--- Data for the task Enclosed Below ---

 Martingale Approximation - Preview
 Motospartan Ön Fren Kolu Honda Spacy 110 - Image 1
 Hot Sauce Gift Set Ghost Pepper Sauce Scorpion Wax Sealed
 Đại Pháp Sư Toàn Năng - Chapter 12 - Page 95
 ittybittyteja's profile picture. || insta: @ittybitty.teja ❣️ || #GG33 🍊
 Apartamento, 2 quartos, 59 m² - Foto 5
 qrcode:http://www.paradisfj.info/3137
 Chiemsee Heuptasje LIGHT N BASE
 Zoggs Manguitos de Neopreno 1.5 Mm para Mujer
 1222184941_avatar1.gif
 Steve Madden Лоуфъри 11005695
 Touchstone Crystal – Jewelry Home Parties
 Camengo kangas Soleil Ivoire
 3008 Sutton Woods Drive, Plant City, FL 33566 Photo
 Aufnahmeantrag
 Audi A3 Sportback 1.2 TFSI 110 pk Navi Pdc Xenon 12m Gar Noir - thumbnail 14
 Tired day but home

--- End of Enclosed Data for the task ---

§ **To do**: Your task is to retype all of the records exactly.

§ **Solution**:
 Martingale Approximation - Preview
 Motospartan Ön Fren Kolu Honda Spacy 110 - Image 1
 Hot Sauce Gift Set Ghost Pepper Sauce Scorpion Wax Sealed
 Đại Pháp Sư Toàn Năng - Chapter 12 - Page 95
 ittybittyteja's profile picture. || insta: @ittybitty.teja ❣️ || #GG33 🍊
 Apartamento, 2 quartos, 59 m² - Foto 5
 qrcode:http://www.paradisfj.info/3137
 Chiemsee Heuptasje LIGHT N BASE
 Zoggs Manguitos de Neopreno 1.5 Mm para Mujer
 1222184941_avatar1.gif
 Steve Madden Лоуфъри 11005695
 Touchstone Crystal – Jewelry Home Parties
 Camengo kangas Soleil Ivoire
 3008 Sutton Woods Drive, Plant City, FL 33566 Photo
 Aufnahmeantrag
 Audi A3 Sportback 1.2 TFSI 110 pk Navi Pdc Xenon 12m Gar Noir - thumbnail 14
 Tired day but home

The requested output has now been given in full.